In the doomsday scenario, there are two options that I see played out by the ghost of finance future. The first finds me doing any number of my past jobs, sign making, design, construction, waiting tables, whatever the job market will provide. Along with that comes a touch of misery and dreaming of “what if.” The second option has me sitting at home in front of my computer or perhaps at a café somewhere with my laptop writing away.


Yeah, that’s it, just writing. “But how does that solve the financial problem? You’re just going to bet it all on a pipe dream?”


That’s the thing, I can’t bet on pipe dreams in this scenario. There are hungry mouths to be fed, bills to be paid. But in the first option I ended up there because I squandered the time that I have right now. In the second option I capitalized on my free time, got into the world of writing in all of its veins, not just escapism. By the time doomsday arrived, I simply needed to ramp up the work I was already doing.


I guess what I’m saying is that I’m projecting rock bottom. The real bottom would be waking up at 3:30 every morning to be at the shop by 4:00 so that we could load up the work truck and be on the road by 4:30, my head leaning against a cold window as my coworker drove us to our destination some two to three hours away (maybe more) slipping in and out of sleep as we drove by city after city, cutting off car after car until finally we arrived, groggy and cranky and ready to start the day’s work of “skilled” manual labor, “supers” harping about things out of our control, a boss calling because he’s staring at his computer screen that has the bottom line blazing in red, and us breaking ourselves, not for the super or our boss or even because we’re good workers that try not to drain the clock, but because we just want to be done and gone, in hopes that we can on the road in another eight to ten hours at which point I’d drive, eyes red and waning while my coworker slept only to get home too tired to do anything, with another day of the same crap doing something else in a different city, waiting for me hours before the horizon, and the best part would be that I’d never know what was next because there is no schedule, no vacations, no warning, no planning, not for us anyway, “Next week you guys will be staying in Red Bluff,” “Where’s Red Bluff?” “About four hours away. You’re putting up tack wall.” “I hate tack wall.” “Well you’ll be there for two weeks.” “What?” “It’s the whole school. We’ve rented you a room in a crumby motel.” “But my wife is eight months pregnant.” “You’ll be home on the weekend. Sorry.” “Me too.”

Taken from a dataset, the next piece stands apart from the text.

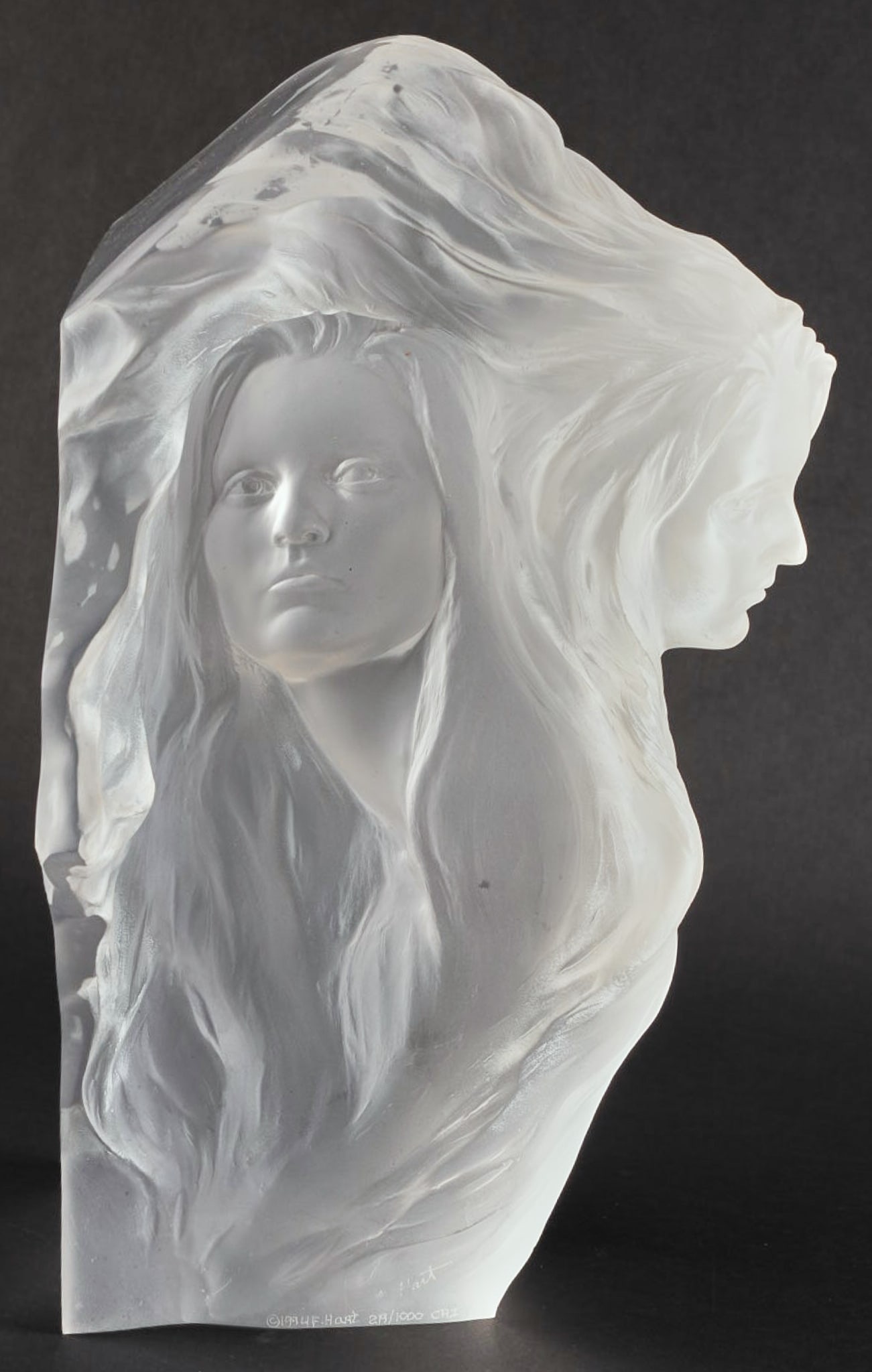 Frederick Hart Two Women Acrylic Sculpture: Frederick Hart (American 1943-1999) "Reflections" 1994, acrylic sculpture, signed and numbered 219 / 1000 height 14 in. x width 10.5 in. x depth 7.5 in. Provenance: Property from a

A picture of what our hotel looked like (in the 70's), and

what they're still using as a promotion.

What the hotel actually looks like care of Google Maps. Our rooms

were the ones straight ahead on the bottom floor of that two story

building in the back. The crackheads that lived there were in the

adjacent building behind the country diner to the left. Ah, memories.


That just gave me the chills. But that’s what I need to think about the next time I say to myself, “I can look at markets for stories later, Facebook is calling my name.” That’s what we all need to do.


So if you haven’t hit rock bottom yet, imagine it. You are a writer after all. If writing is something that you really want to do, then you have to figure out how to make money at it. More importantly, you have to figure out how to keep yourself on task. There’s no boss poking his greasy head in, beady little eyes filled with dollar signs scrutinizing your productivity. There’s just you. And if you let yourself take vacations whenever you want, then the business fails and everyone gets a pink slip. But that pink slip might lead to a crumby motel in Red Bluff, a sore back, sleep deprivation, and an aching heart.


And on that uplifting note! That’s today’s exercise, write your doomsday and post it in the comments, or post it on your blog if you have one and post a link to it down in the comments so that we can all share in a collective catharsis of sorts.